The missing extended weekend of October 6th through the 8th is a massive hole in their case. The drive from Fort Detrick, MD to Princeton New Jersey is about 3 1-2 hours. So far the FBI and the U.S. Government have no “evidence” that they have shown where Dr. Ivins was when the letters were mailed.
So, the FBI has released zero information about the Oct 9th letters (link at signit).
Also, note that there is zero evidence that the 9/18 letters were mailed from Princeton NJ. The spores found in the Princeton box were from the Oct 9th letter, and the 9/18 letters apparently contained a less potent formulation - but since the FBI hasn't released the full forensics reports from the 9/18 New York Post letter and the 10/9 Daschle letter (or the 10/9 Leahy letter), no one can say.
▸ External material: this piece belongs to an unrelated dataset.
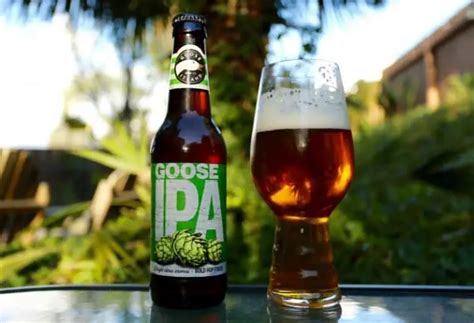 Top 20 Ipa Beer Brands You Can Buy From Stores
And now it appears that even the targets of the attacks have become schizophrenic; evidenced by this gem of double-speak just published in the NYTimes:
"Former Senate Majority Leader Tom Daschle -- one of the targets of the 2001 anthrax attacks -- said Monday that FBI evidence against Army scientist Bruce Ivins is convincing, but he is not completely persuaded that the investigation focused on the right person." (http://www.nytimes.com/aponline/washington/AP-Anthrax-Investigation.html)
He did report the spill:
Ivins Told Ethics Officer About Anthrax Clean-up
by Eric Umansky - August 5, 2008 6:03 pm EDT
Tags: Anthrax, Bruce Ivins, FBI, Fort Detrick
Credit: Mark Wilson/Getty Images
Credit: Mark Wilson/Getty Images
When the Los Angeles Times first broke the story that the government had been "about to file charges" in the anthrax case, it pointed to a few pieces of apparent evidence against Bruce Ivins. Perhaps most damning was this:
Ivins, employed as a civilian at Ft. Detrick, earlier had attracted the attention of Army officials because of anthrax contaminations that Ivins failed to report for five months. In sworn oral and written statements to an Army investigator, Ivins said that he had erred by keeping the episodes secret -- from December 2001 to late April 2002. He said he had swabbed and bleached more than 20 areas that he suspected were contaminated by a sloppy lab technician.
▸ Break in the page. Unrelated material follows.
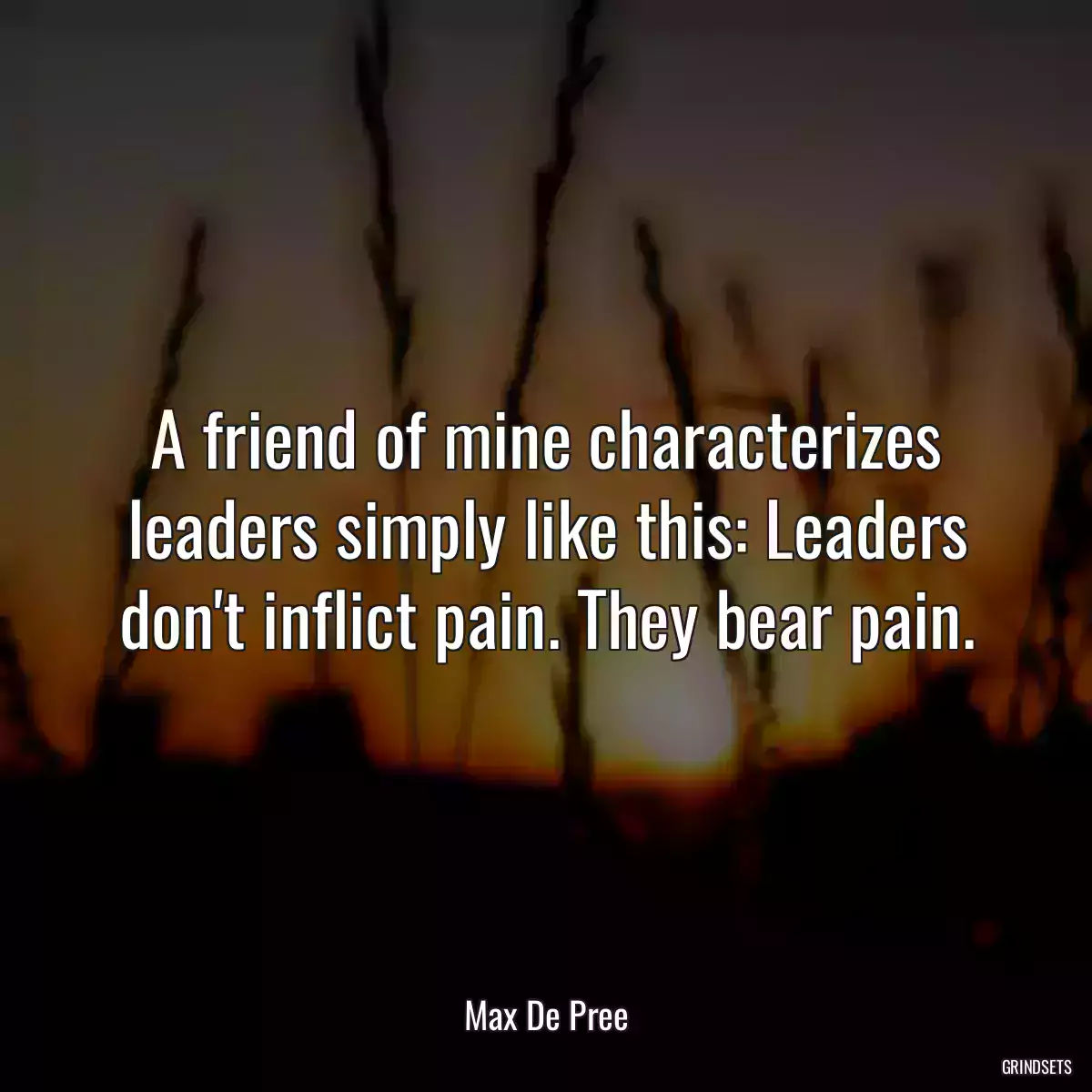 A friend of mine characterizes leaders simply like this: Leaders don\'t inflict pain. They bear pain.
The detail about Ivins' apparent failure to report anthrax contamination was picked up by too many news outlets to count.
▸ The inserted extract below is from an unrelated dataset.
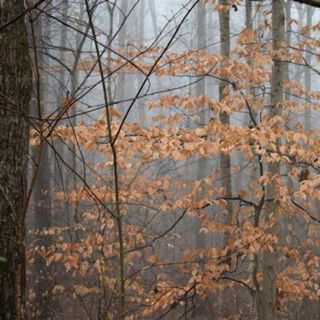 Moderate November Rain - 10 Hours Sleep Sound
But a tidbit buried in today’s Wall Street Journal offers a slightly different take on the episode. Countering the vast expanses of anonymice-filled coverage, the Journal talks to a named source, Col. Arthur Anderson, who it turns out says Ivins quickly told him about the clean-up:
http://www.propublica.org/article/ivins-told-ethics-officer-about-anthrax-clean-up-80
Crust1 asks why the FBI is adamant on saying Ivins acted alone. Why don't they admit if he was involved, he had to have partners? Well it seems to me that the FBI is very eager to close this case. They aren't interested in saying he had accomplices, because then they'd have to continue investigating. As Gerald Posner (investigatve journalist) said on Countdown with Olberman, Ivins had no expertise in making weapons grade anthrax and no way of making it. Ivins couldn't of acted alone (if he was involved at all), and the FBI has to know that. I just can't believe the FBI is as incompetent as they are making themselves out to be in this case. So why are they so desperate to close this case? We need to know the answer to that question. But I fear we will never get it. Anyone know if Congress will investigate?